Second, You cannot prove He did not say those things. You cannot prove that anything He said was added later. Just because you think that, does not make that true. Just because you don't want to believe that He said that is not substantial enough proof to say He didn't say those things. You cannot present a manuscript where he said one thing and then another later manuscript that says the same thing except words were added. Besides, by definition, being the Messiah is being God. So you are contradicting yourself. And that does not disprove that he rose from the dead, and that, besides the numerous accusations that the religious leaders made against him weren't, "Stop saying that because you are causing a disturbance." proves that He claimed to be and is God. Where is it recorded that any religious leader said, "Stop that because you are going to cause the Romans to come down on us.", nor is there anything even close to that. No where in the Bible.
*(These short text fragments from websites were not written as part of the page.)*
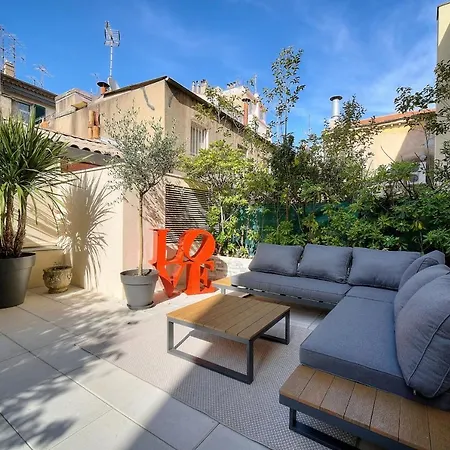 Immogroom - Renovated - Terrace Of 50m2 - Air Conditioning Cannes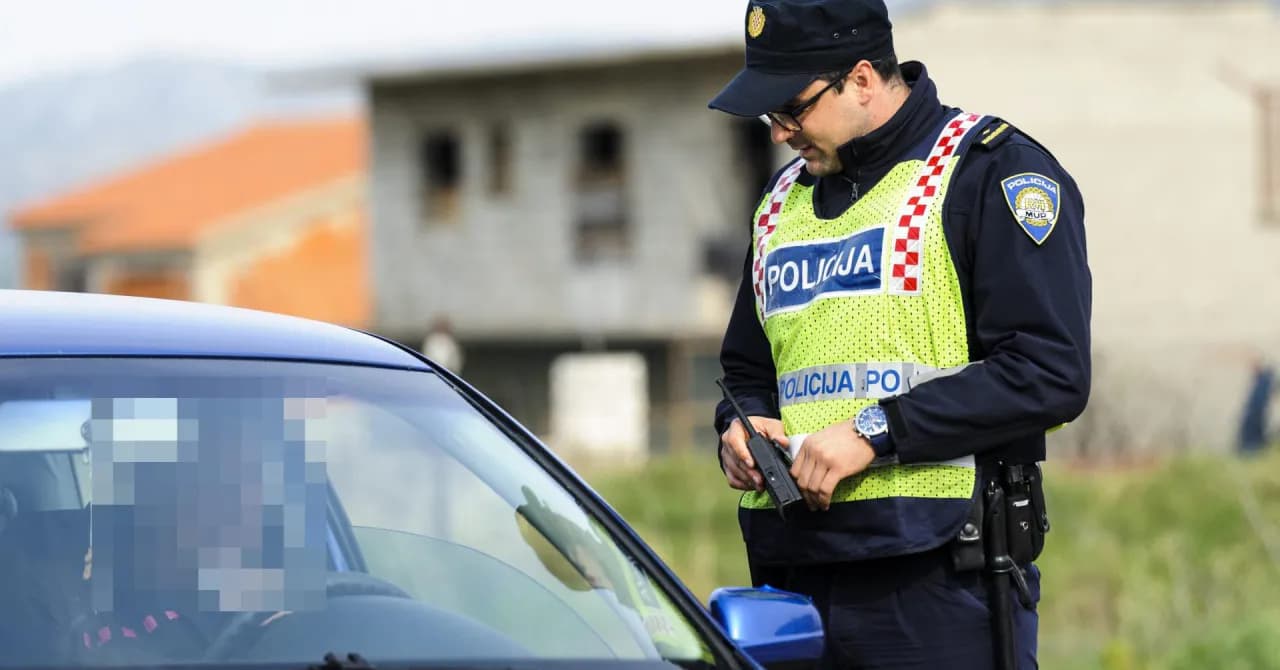 Bez vozačke i pod zabranom upravljanja, 45-godišnjak vozio BMW u Zagrebu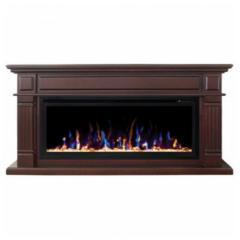 Fireplace Realflame Islandia Saphir 42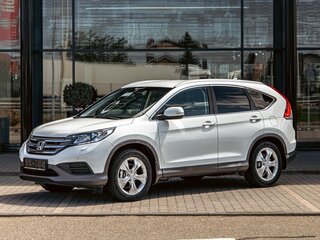2014 Honda CR-V IV, белый, 1595000 рублей, вид 1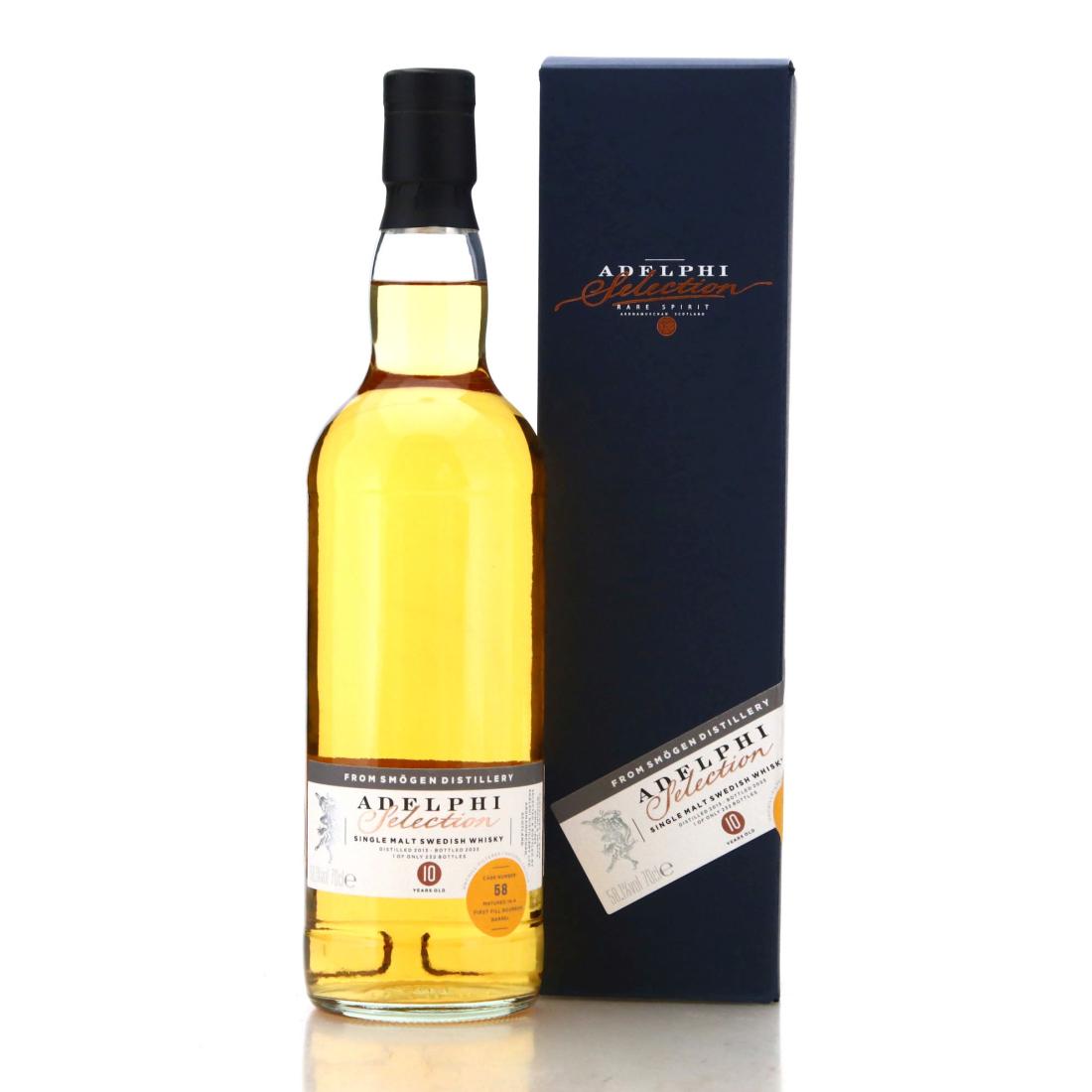 Smgen 2013 Adelphi Selection 10 Year Old
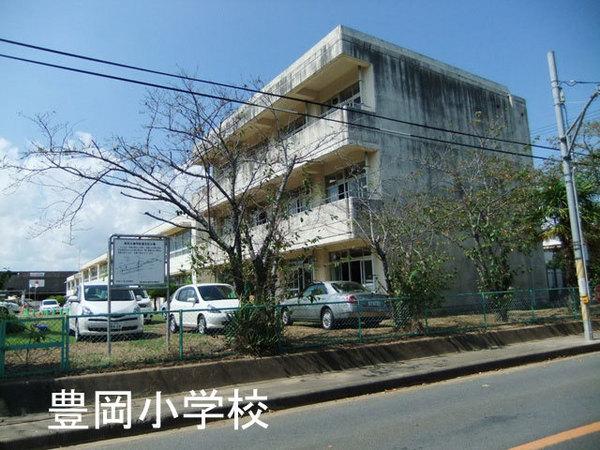 茂原市粟生野の土地(茂原市立豊岡小学校)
The accusations were "You make yourself out to be God." So, all the times where Jesus claimed to be God, which is very frequently, is all made up while there is not one instance where they said anything about being concerned about how the Romans are going to react. So your claim doesn't hold water.
That, on top of the fact that there are over 22,000 manuscripts saying that He said what He said. Many, many times more manuscripts than any other documents from that period that are deemed to be historically accurate. For instance, the Roman historian Tacitus wrote Annals of Imperial Romein 115 A.D. We have one copy of the first six books and that is a copy made in 850 A.D., 735 years later. Are you going to say that that book is not accurate? After all, it had over 700 years to be altered. Yet, it is deemed to be completely historically accurate. Meanwhile, we have copies of the Gospels (which are Matthew, Mark, Luke, and John, since many here probably don't know that), the book of Acts, Pauls letters, and the book of Hebrews that date as early as the first century, the time that most of those who make the claims of Jesus being God lived and could say that what was being written about Jesus was false. So, a 750 year old copy is accurate, but a 80 year copy, dating to within 100 years of when it was first written, the manuscript the Bible is derived from, is not? Utterly crazy to believe that.